ST Ericsson already showcased NovaThor L8580 Cortex A9 processor @ 2.8 GHz at CES 2013. The processor features a technology called eQuad, and as I previously noticed there’s no mention of the number of cores at all on the website and many websites reported the processor featured 4 cores. The processor actually features 2 Cortex A9 core, but thanks to FD-SOI technology they are able to do the equivalent of a Quad Core big.LITTLE processor (i.e. 2x Cortex A15 + 2x Cortex A7) electrically.
Since this is just done electrically, you can use the same software as before and will consume much less power, whereas big.LITTLE requires a lot of kernel work. A Cortex A9 will obviously be less powerful than a Cortex A15, but since they are able to boost the frequency up to 3GHz (probably limited to 2.5Ghz in actual product) this can compensate the lower performance, and the die size will be much smaller than on a quad core big.LITTLE processor, since you only need 2 cores for similar power consumption and performance. Charbax uploaded a video with a nice explanation of the system at MWC2013. The first part of the video is very interesting as it explains the technology and its advantage. One particularly interesting part is when Charbax asked about big.LITTLE, and ST Ericsson representative explains that big.LITTLE processing is not so interesting now that FD-SOI is available, and it will also end up in cortex A15 processor. He did not say FD-SOI eQuad was a big.LITTLE killer, but it was close :).
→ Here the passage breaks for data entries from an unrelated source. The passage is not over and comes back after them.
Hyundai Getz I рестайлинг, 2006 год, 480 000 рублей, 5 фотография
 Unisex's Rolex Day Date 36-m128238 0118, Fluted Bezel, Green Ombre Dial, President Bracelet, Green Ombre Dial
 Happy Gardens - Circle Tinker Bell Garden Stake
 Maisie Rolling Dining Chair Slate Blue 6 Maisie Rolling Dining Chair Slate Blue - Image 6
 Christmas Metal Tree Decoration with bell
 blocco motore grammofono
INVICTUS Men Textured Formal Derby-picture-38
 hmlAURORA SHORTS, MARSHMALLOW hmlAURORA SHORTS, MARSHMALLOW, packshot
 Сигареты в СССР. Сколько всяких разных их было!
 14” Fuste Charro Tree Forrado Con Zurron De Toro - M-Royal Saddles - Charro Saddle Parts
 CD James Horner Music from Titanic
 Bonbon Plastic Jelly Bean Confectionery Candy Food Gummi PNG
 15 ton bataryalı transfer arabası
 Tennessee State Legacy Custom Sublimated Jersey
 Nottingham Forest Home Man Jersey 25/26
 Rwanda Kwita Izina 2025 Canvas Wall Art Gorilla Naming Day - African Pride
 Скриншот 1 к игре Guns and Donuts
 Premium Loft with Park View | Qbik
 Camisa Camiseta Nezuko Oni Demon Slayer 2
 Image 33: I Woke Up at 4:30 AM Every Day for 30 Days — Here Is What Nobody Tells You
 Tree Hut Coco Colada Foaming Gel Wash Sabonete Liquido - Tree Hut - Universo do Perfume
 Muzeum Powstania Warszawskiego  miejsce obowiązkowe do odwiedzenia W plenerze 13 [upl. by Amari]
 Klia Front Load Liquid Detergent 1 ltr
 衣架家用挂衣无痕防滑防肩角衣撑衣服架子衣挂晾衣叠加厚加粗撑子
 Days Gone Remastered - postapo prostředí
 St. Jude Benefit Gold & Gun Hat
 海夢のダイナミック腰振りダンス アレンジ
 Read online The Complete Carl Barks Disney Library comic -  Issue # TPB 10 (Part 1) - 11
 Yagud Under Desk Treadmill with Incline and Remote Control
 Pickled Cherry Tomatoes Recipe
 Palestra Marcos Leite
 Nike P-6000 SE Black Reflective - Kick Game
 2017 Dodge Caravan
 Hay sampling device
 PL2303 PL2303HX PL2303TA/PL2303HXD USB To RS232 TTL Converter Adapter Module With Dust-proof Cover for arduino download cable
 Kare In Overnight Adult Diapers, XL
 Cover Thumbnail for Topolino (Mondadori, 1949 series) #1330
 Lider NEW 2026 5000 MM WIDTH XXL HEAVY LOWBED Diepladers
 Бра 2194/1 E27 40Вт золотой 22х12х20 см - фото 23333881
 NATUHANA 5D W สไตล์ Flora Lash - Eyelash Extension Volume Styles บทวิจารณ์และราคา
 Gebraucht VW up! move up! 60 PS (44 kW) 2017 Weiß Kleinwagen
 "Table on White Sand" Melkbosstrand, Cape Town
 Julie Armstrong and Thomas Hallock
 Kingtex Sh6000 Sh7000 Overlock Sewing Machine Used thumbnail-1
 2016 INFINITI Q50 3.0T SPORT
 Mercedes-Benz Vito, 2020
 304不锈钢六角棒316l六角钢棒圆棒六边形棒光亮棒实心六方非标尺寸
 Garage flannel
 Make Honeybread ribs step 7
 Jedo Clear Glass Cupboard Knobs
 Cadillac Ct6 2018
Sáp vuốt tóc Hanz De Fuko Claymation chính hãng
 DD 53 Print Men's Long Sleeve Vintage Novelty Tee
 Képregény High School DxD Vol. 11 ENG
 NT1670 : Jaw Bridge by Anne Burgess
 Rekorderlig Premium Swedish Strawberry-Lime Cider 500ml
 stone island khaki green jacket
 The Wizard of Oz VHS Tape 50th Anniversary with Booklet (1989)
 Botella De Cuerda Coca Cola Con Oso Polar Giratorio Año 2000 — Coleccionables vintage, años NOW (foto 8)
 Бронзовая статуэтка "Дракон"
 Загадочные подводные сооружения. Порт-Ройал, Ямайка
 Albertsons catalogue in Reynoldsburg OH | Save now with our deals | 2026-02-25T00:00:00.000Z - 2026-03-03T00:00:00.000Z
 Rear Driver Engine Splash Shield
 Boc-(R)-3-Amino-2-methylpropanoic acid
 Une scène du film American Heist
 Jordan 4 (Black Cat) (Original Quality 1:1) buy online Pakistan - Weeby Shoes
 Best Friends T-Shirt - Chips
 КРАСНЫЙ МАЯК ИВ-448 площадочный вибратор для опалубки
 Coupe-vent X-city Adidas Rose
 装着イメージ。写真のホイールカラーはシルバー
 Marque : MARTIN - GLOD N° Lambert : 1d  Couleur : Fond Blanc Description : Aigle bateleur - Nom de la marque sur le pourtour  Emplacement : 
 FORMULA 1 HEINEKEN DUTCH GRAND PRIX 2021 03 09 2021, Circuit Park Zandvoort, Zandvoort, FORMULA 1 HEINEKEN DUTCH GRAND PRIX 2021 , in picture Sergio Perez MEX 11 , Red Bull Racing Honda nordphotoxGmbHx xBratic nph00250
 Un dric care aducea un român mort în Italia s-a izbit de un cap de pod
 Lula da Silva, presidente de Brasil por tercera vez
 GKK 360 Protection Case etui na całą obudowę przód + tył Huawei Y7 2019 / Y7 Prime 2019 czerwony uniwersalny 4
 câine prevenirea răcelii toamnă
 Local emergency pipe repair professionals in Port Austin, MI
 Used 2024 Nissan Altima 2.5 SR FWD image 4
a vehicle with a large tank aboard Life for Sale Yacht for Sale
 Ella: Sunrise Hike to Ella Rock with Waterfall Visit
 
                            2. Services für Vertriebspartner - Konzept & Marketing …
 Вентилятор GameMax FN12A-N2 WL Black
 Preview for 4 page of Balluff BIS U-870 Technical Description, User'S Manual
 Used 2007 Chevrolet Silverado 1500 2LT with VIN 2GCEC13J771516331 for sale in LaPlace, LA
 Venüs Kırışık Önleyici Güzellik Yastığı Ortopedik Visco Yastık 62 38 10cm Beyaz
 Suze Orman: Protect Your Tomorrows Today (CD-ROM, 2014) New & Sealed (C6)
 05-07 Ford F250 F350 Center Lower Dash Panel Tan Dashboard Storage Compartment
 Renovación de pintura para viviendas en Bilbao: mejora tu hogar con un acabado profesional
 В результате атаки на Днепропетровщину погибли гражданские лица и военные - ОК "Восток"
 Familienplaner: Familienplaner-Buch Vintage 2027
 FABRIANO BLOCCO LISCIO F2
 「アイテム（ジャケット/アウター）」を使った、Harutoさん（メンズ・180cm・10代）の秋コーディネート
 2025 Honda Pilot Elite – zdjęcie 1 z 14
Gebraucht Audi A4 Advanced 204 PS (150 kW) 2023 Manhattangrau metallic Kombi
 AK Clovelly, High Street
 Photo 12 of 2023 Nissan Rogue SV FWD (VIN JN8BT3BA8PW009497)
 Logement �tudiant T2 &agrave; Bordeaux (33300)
He may be right about IKS big.LITTLE implementation, but with HMP big.LITTLE, where they can use all cores, big.LITTLE will certainly retain its advantage. What do you think?
If you want more information about the other features of this processor, refer to my earlier post “ST Ericsson Demonstrates NovaThor L8580 Multi Cortex A9 SoC @ 2.8 GHz”
Update: If you want to know more about eQuad, you can read FD-SOI eQuad White-Paper (15-page PDF), that explains the technology, and also explains that heterogeneous multiprocessing (HMP) is a promising technology, but it’s highly complex both in terms of hardware and software, and it may take a few years to reach its full potential.